▶ INSTRUCTIONS TO FOLLOW:
Check each line of the entries. Copy the ones that contain the string "Pino".

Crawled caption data

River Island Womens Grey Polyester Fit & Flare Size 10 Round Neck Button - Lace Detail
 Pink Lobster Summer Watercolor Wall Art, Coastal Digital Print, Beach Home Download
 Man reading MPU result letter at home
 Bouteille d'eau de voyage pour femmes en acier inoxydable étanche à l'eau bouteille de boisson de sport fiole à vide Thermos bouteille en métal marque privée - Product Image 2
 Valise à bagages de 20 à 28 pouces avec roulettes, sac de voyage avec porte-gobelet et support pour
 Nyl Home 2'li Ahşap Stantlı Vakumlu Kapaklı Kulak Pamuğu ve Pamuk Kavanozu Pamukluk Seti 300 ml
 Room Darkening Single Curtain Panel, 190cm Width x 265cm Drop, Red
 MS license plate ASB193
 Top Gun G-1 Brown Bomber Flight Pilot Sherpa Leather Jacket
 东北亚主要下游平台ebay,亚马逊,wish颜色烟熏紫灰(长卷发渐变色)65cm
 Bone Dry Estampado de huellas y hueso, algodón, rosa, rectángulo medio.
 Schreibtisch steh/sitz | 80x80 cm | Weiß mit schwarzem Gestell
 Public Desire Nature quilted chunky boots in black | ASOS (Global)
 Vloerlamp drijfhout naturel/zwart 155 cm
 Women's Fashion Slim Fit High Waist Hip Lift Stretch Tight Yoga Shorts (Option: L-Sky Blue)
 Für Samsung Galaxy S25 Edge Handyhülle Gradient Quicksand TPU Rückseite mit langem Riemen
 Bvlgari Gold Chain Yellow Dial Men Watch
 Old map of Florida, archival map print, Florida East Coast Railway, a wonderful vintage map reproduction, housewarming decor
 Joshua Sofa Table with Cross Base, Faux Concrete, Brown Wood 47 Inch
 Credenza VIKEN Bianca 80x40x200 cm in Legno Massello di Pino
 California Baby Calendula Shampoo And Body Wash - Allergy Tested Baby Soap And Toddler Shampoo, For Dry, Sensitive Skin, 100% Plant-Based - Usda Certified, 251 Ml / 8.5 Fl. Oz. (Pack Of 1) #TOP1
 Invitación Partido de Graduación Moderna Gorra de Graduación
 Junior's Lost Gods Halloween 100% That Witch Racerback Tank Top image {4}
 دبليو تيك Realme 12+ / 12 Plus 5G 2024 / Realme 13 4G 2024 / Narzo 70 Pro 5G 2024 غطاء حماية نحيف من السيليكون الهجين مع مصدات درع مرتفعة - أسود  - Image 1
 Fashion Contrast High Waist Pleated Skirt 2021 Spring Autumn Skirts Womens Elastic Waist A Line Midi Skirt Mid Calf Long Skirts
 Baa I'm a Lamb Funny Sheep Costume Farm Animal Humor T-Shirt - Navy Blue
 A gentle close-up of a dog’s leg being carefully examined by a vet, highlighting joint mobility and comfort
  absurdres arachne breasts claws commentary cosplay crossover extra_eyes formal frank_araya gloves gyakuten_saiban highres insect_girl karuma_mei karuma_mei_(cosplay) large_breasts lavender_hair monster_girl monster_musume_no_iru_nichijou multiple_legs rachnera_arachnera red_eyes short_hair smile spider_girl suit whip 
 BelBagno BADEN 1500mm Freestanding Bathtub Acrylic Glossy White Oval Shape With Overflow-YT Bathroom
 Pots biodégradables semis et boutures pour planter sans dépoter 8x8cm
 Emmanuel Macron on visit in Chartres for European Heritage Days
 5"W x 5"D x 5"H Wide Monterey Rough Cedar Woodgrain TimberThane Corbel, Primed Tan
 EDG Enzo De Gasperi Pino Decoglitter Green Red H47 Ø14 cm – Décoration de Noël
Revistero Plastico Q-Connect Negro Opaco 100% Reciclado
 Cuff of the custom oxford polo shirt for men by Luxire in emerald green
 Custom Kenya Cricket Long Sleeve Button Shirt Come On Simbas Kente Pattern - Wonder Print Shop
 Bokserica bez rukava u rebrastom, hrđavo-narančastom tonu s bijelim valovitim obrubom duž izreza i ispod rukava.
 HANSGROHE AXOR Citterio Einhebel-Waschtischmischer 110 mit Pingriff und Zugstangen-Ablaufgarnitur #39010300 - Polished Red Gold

▶ TASK OUTPUT:
 Credenza VIKEN Bianca 80x40x200 cm in Legno Massello di Pino
 EDG Enzo De Gasperi Pino Decoglitter Green Red H47 Ø14 cm – Décoration de Noël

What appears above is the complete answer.